The best. That has been the Marines' coda from Tripoli to Belleau Wood, from Guadalcanal to Inchon. But in the past few years, these gleaming images have dissolved into others: blood-spattered rubble in Beirut, interservice turf battles in Grenada, a can-do lieutenant colonel wearing a medal-bedecked uniform while invoking the Fifth Amendment, furtive Moscow nights of sex for secrets. Says former California Congressman Pete McCloskey, a twice-wounded Marine veteran of Korea: "When I saw 200-plus Marines in Beirut bunched up in violation of every standard precept, I winced a lot.
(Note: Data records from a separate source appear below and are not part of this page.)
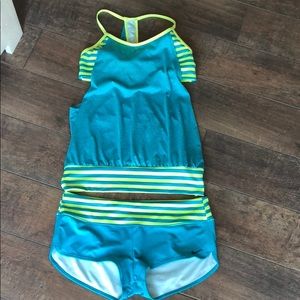 nike evenflow swimsuit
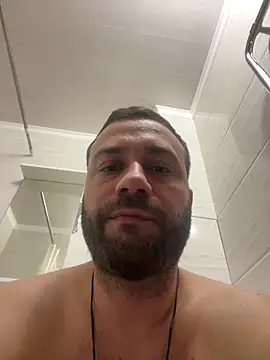 Snapshot of nikebauer95 chatting on February 15, 2025, 2:15 am nikebauer95 online show from February 15, 2025, 2:15 am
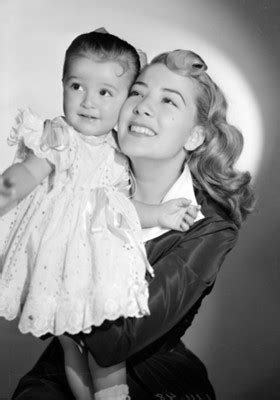 1,576 likes · 295 talking about this. Silvia Pinal con su hija Silvia Pasquel, retrato | Instituto Nacional de Antropología e Historia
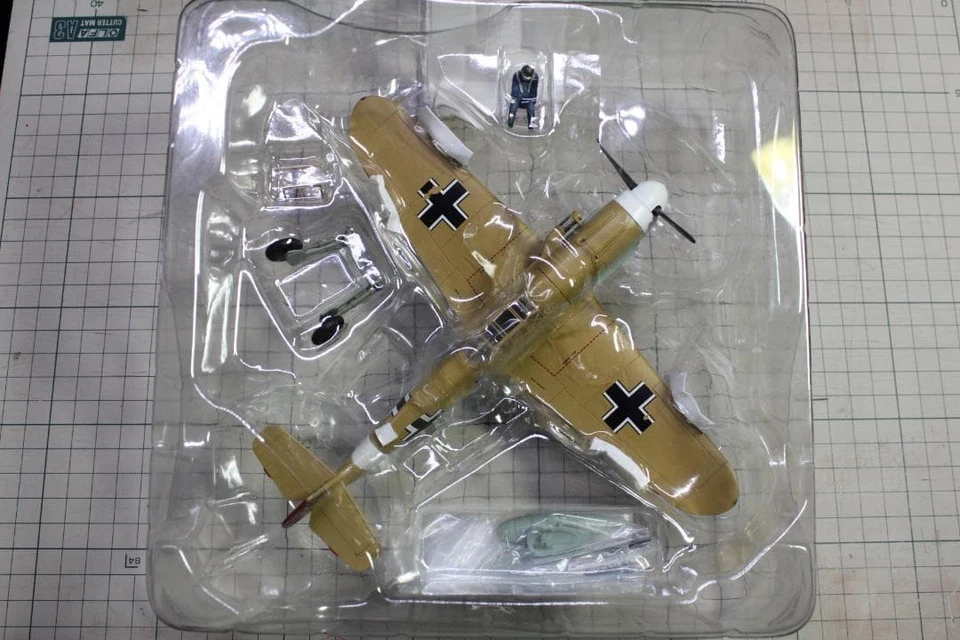 Modello Hobby Master 1/48 pressofuso Messerschmitt Bf109F-4 Trop Star of Africa - Immagine 4 di 4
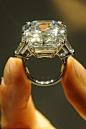 伊丽莎白·泰勒33.19克拉的纯色钻石戒指 -- 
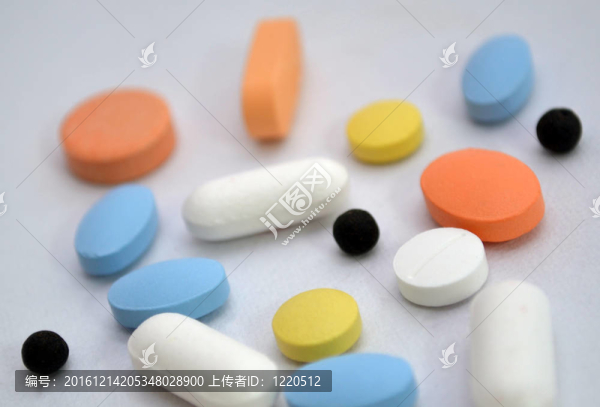多用途藥品；醫(yī)生或家庭醫(yī)生給患者的膠囊和片劑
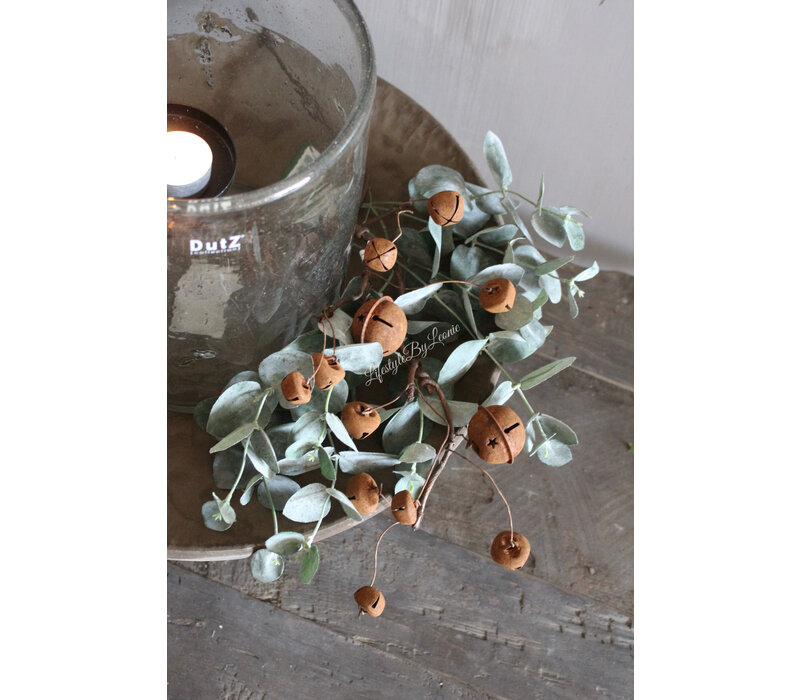 Roestige kerstbellen aan tak 50 cm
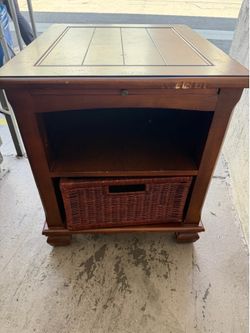 Wooden End Table with Pull-Out Tray and Wicker Basket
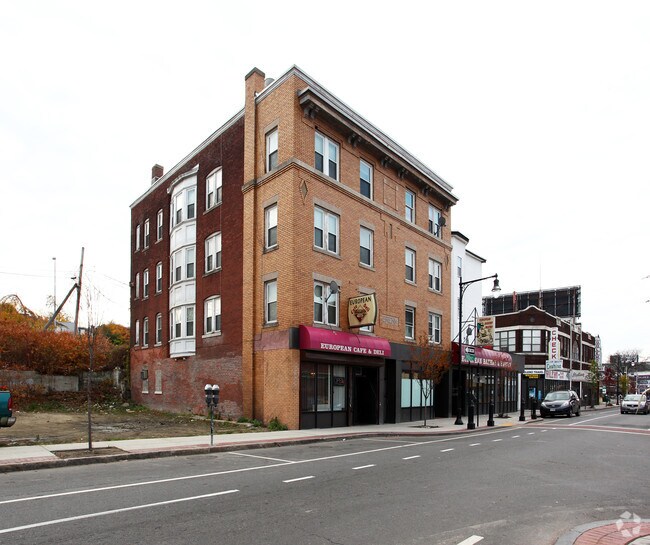 29 Millbury St Worcester, MA 01610 Rentals Worcester, MA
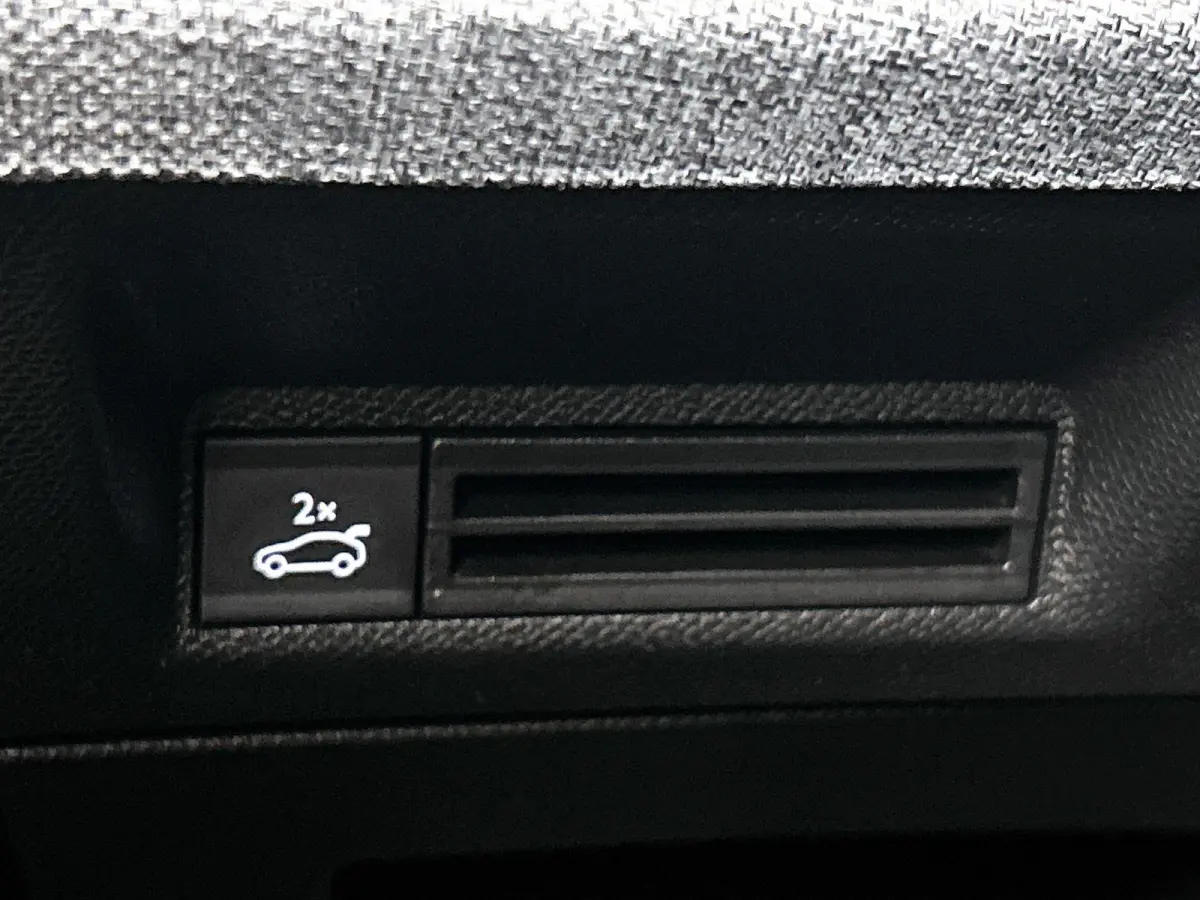 GT 145pk Hybrid Automaat | 1ste eigenaar | 7 persoons | Camera | Electrische klep | Stuur/Stoelverwarming | 19"LMV | Navigatie | AUTOMAAT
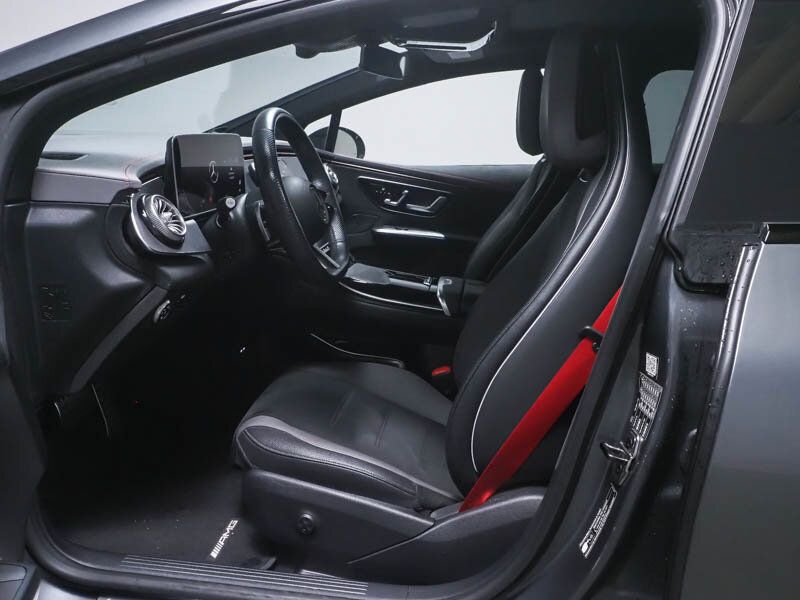 Mercedes-Benz EQE 2024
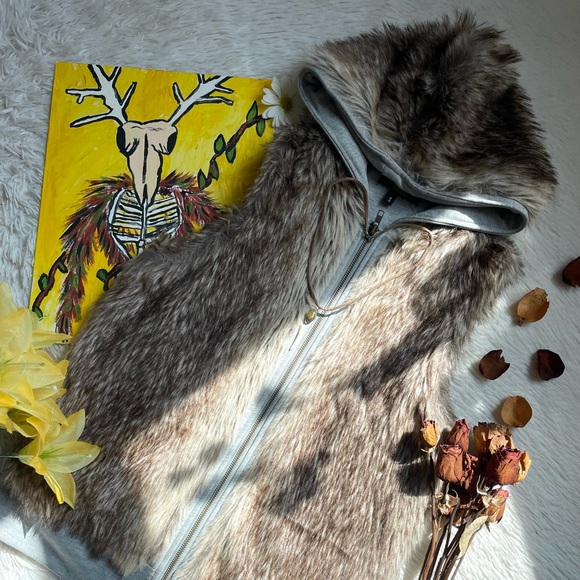 Y2k Faux fur furry hooded reversible sweater vest - Picture 3 of 17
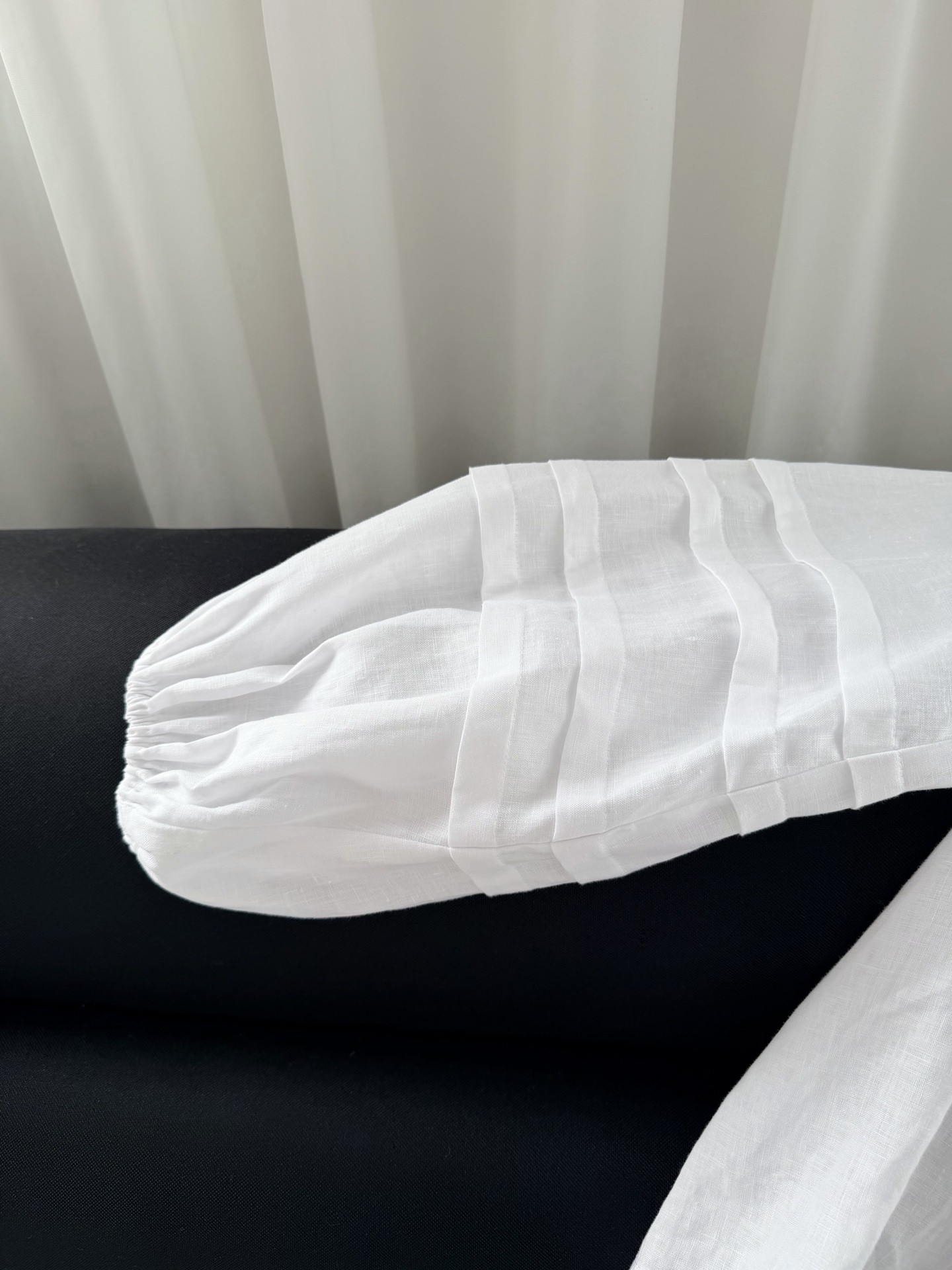 现货‼️‼️/亚麻套装✨来自西班牙的小众品牌，喜欢亚麻原生与纯真感，以强调拥抱自然、回归宁静的整体性，坚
When I saw Ollie North, I winced a lot. And Moscow. It just killed us."

The 1983 Marine-barracks bombing in Beirut, in which 241 servicemen died, was a tragedy of a new order for a Corps that had long ago grown inured to more than its share of casualties on the battlefield. Afterward the investigation by the Long commission faulted the Marine command for its lack of defensive preparations and for its ill-fated decision to house the men in a single barracks. The invasion of Grenada did little to burnish the Corps's fabled reputation as the "first to fight." Owing to the demands of interservice glory sharing, only 36 minutes after the Marines landed at Pearls airport, the rival Army Rangers parachuted onto the airstrip at the other end of the island at Point Salines. It was a successful operation, and the Marines did themselves proud, but it raised questions about their unique role as the nation's elite amphibious strike force. And fairly or not, the Iranian arms fiasco has been partly associated with the gung-ho "Marine mind-set" of Oliver North and the command-and-control system of former Marines Robert McFarlane and Donald Regan.

Since their formation in 1775, the Marines have evolved into an arm of American foreign policy based on rapier-sharp discipline, a powerful code of integrity and a lustrous reputation as the nation's truest warriors. With just 196,000 members, the Marine Corps regards itself as the elite military service, though it is technically an arm of the Navy. But what most distinguishes the Marine Corps, forging the powerful esprit and the ideal of Semper Fidelis, is the basic training.